Porquê Meio Trevo? “O trevo é um dos símbolos da sorte, mas ninguém consegue lançar um negócio só com sorte. É preciso uma pitada de sorte, um meio trevo. Além disso, como se costuma dizer, ‘a sorte dá muito trabalho’ e, neste projeto, éramos duas a trabalhar para o mesmo objetivo, duas metades que procuravam alcançar a mesma sorte, o mesmo trevo”, resume. “Escolher um nome para um negócio nunca é uma tarefa fácil”, alertam Ana e Inês no site da Catorze, uma papelaria online que abriram em 2021 e cuja designação, como não poderia deixar de ser, também têm uma história associada. Tal e qual a Quadro&Meio – outro dos negócios desta dupla – uma marca de presentes personalizados criada em 2019, que começou por vender quadros, mas, desde logo, quis deixar em aberto a possibilidade de vir a alargar a oferta a recordações de outras tipologias.

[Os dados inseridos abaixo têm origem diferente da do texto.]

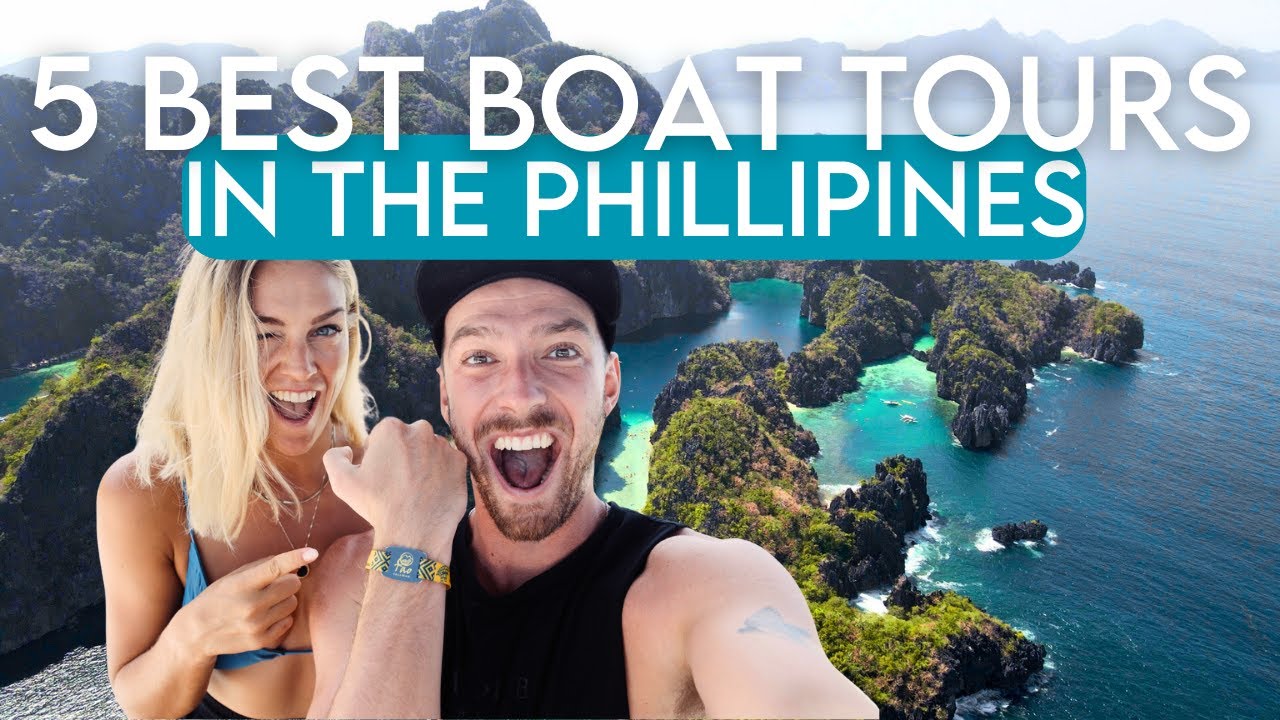 THE 5 BEST BOAT EXPERIENCES in the Philippines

Se os nomes com que batiza os seus projetos têm sempre um conceito ou história associada, o que dizer do pinguim, o animal que Ana Martelo entendeu adotar como imagem de marca do seu serviço de fotografia de casamentos e famílias? “O pinguim é dos poucos animais na natureza que é monógamo. Quando escolhe um parceiro, é para toda a vida. Isto, para mim, é a representação de um casamento”, explica a fotógrafa, subindo a manga direita para revelar uma delicada tatuagem onde figura a ave marinha. Desde criança que Ana é “completamente apaixonada por pinguins”. Em boa parte, admite, pelo facto de ter tido um pinguim como animal de estimação – o pai, marítimo de profissão, trouxera-lhe “um pinguim supersimpático”, que recolhera nas redes ao largo da costa africana. Ora, quando chegou a altura de criar a sua marca de fotografia de casamentos e famílias, não hesitou em associar-lhe o animal que tem como símbolo maior da fidelidade e do compromisso.
Até aqui, temos vindo descrevê-la como fotógrafa, mas neste último parágrafo fazemos questão de lhe associar outro epíteto: empreendedora. Aos 36 anos, e a acrescentar a todos os projetos e iniciativas de negócio que estão ou já estiveram sob a sua alçada, diz-nos andar a matutar noutra ideia: “Gostava de apostar na área da mentoria e ajudar outros fotógrafos. Há muitos fotógrafos que são tecnicamente irrepreensíveis, mas que depois não sabem vender o seu trabalho. Gostava de poder falar-lhes abertamente sobre este mercado e disponibilizar formação nas áreas do marketing e da gestão de carreira”.